A painter's town at the mouth of the Connecticut River, where a century-old art colony still shapes how the light falls on Lyme Street. Lia spent longer in the Florence Griswold Museum's gardens than in most European galleries, and I didn't rush her.

We crossed the old railroad bridge into Old Lyme on a hazy August afternoon, the kind of soft, diffused light that apparently drew painters here more than a century ago, and it took about ten minutes of walking Lyme Street before I understood why. This is a town of roughly seven thousand people at the point where the Connecticut River finally gives up and becomes Long Island Sound, and it has the unhurried self-possession of a place that already knows it’s beautiful. Lia, who studied art history before switching to something more employable, kept stopping mid-sentence to point at the angle of sun through the elm trees, half-joking that she finally understood what Childe Hassam was chasing.

The Florence Griswold Museum

The centerpiece of town is a mustard-yellow 1817 mansion where, starting in the 1890s, a widow named Florence Griswold took in a rotating cast of American Impressionist painters as boarding-house guests. They repaid her in kind — literally, painting directly onto her dining room doors and wall panels, which are still there, a strange and wonderful record of a whole movement working out its ideas on a landlady’s woodwork. We wandered the riverside gardens afterward, laid out to recreate what the painters themselves would have seen, irises and daylilies leaning toward the same water they once put on canvas.

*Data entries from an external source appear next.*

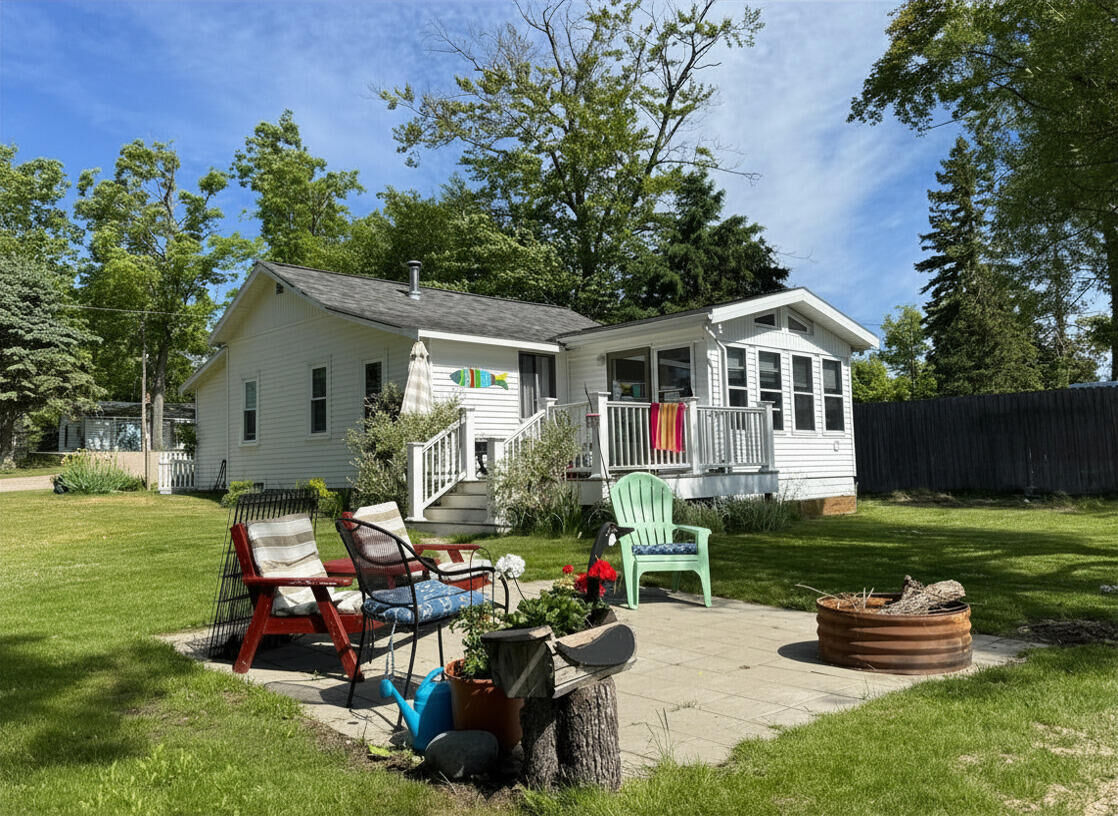 Property Photo: 6398 Paradise Trail MI 49718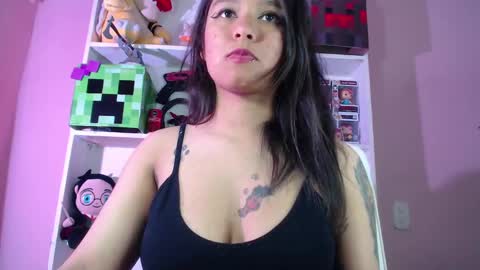 Snapshot of evybubbles_ chatting on 10, 9, 2025 Im Evy online show from 10, 9, 2025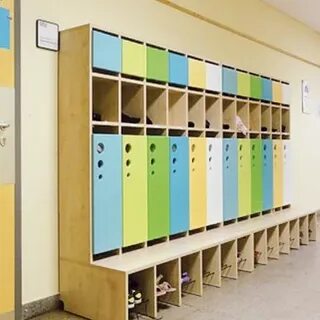 Барабашка живет в раздевалке где стоят шкафы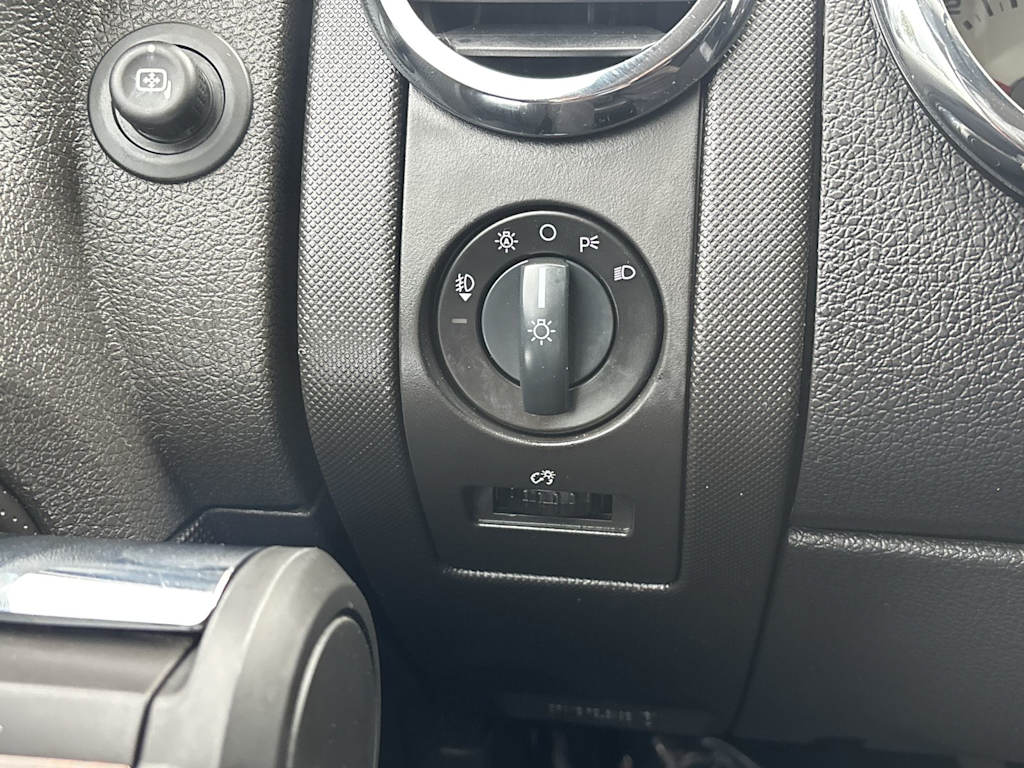 Thumbnail: 2010 Ford Explorer - 19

Impressionist-painted door panels inside the Florence Griswold Museum in Old Lyme, Connecticut

Lyme Street and the meetinghouse

Lyme Street itself is a straight run of white clapboard houses and elms so complete it’s a National Historic Landmark district, anchored by the First Congregational Church, whose tall steeple has been painted by nearly every artist who ever set up an easel in town. We had coffee at a small shop that doubles as a gallery for the Lyme Art Association next door, still an active painters’ cooperative, and watched two students sketching the church from folding stools on the sidewalk, unselfconsciously continuing a tradition that’s never really stopped.

Rogers Lake and the river’s edge

South of the historic district, we drove down to where the river opens into the Sound near Old Lyme Shores, watching ospreys work the shallows at low tide. Rogers Lake, a smaller freshwater pond a few minutes inland, gave us a quieter afternoon — we rented a canoe from a dock with an honor-system cash box and paddled past lily pads while a heron ignored us completely. It’s a town built for exactly that pace.

Getting There

Bradley International Airport (BDL) outside Hartford is the closest major airport, about an hour’s drive south on I-91 and I-95. From New York City, it’s roughly two hours east on I-95, and Amtrak’s Northeast Regional also stops in nearby Old Saybrook, a short taxi ride away. A car makes exploring the gardens, the lake, and the coastline far easier, though the historic district itself is entirely walkable once you’ve parked.